> **Exercise aim**: Could you output each line below exactly as it appears, excluding any pictures?

> **Data provided**:
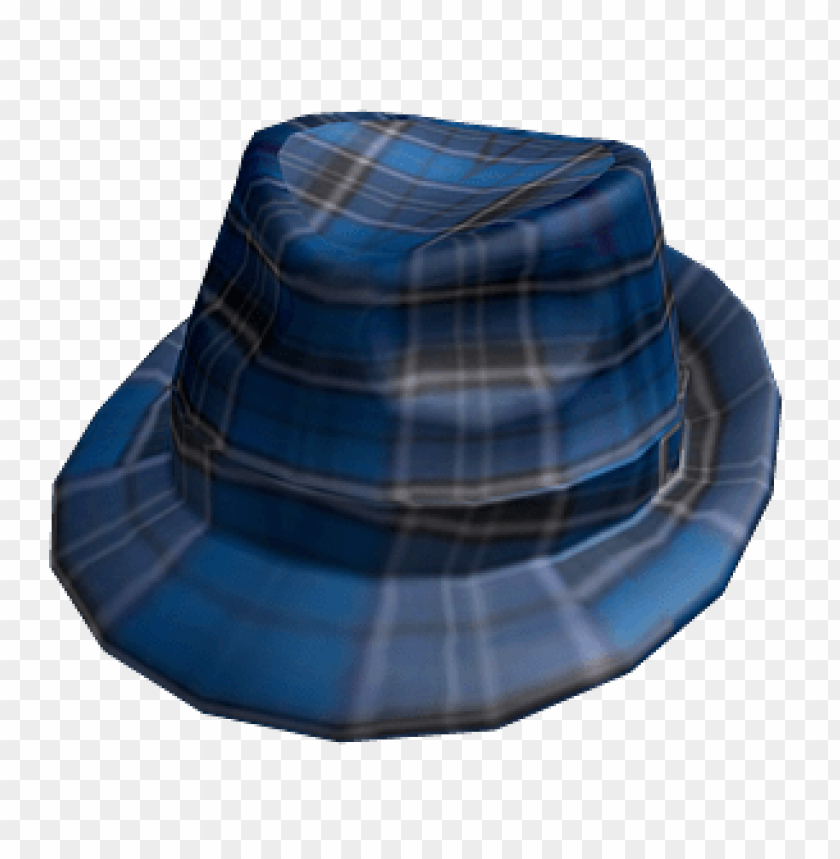 Roblox Blue Plaid Fedora Hat Png Image With Transparent Background Toppng - roblox blue hoodie hat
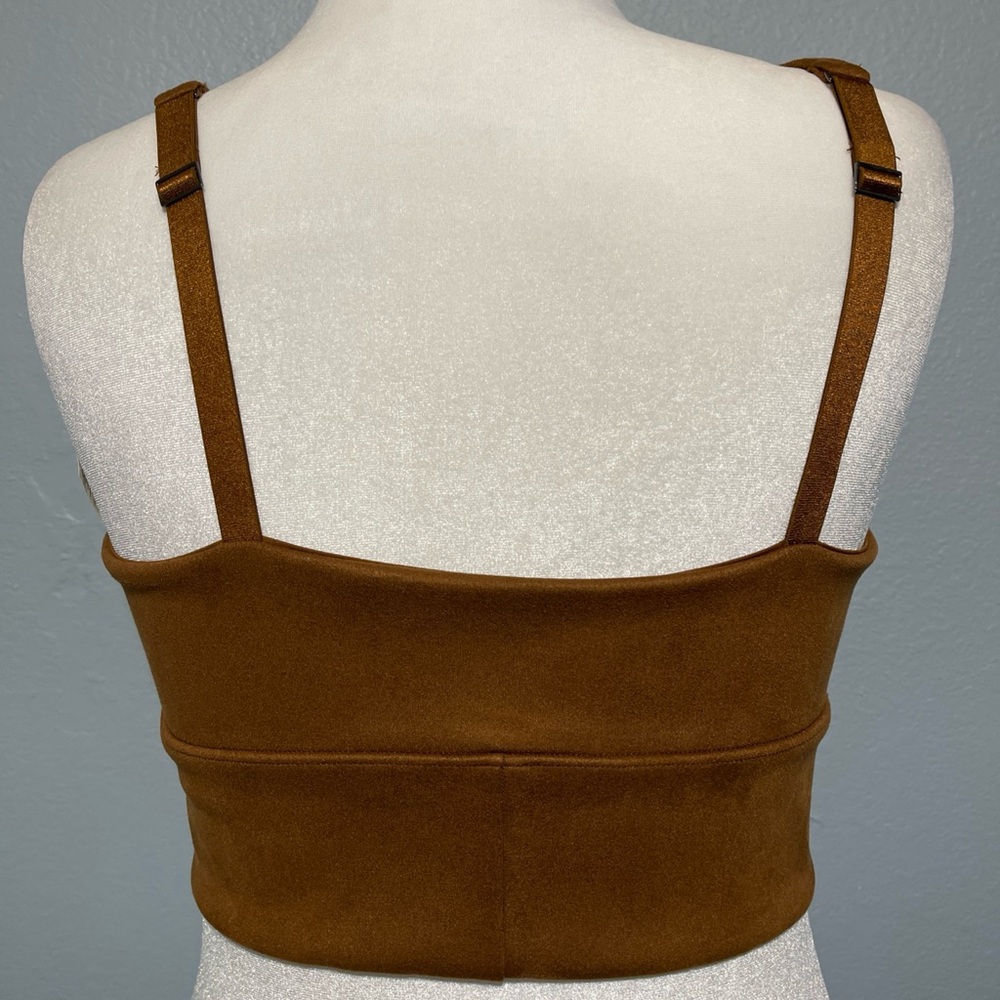Spanx Faux Suede Crop Top Caramel Brown‎ Longline Square Neck Size Large - Picture 3 of 14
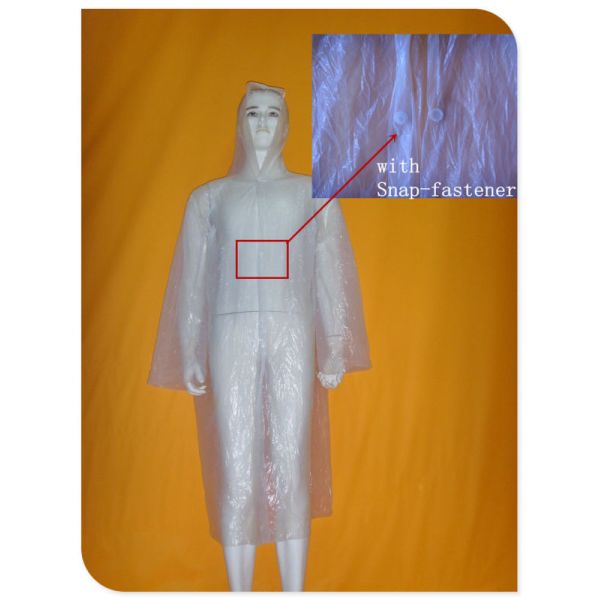 Industrial Clear Womens Plastic Raincoats , PE Material Throw Away Raincoats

> **Output for this task**:
 Roblox Blue Plaid Fedora Hat Png Image With Transparent Background Toppng - roblox blue hoodie hat
Spanx Faux Suede Crop Top Caramel Brown‎ Longline Square Neck Size Large - Picture 3 of 14
 Industrial Clear Womens Plastic Raincoats , PE Material Throw Away Raincoats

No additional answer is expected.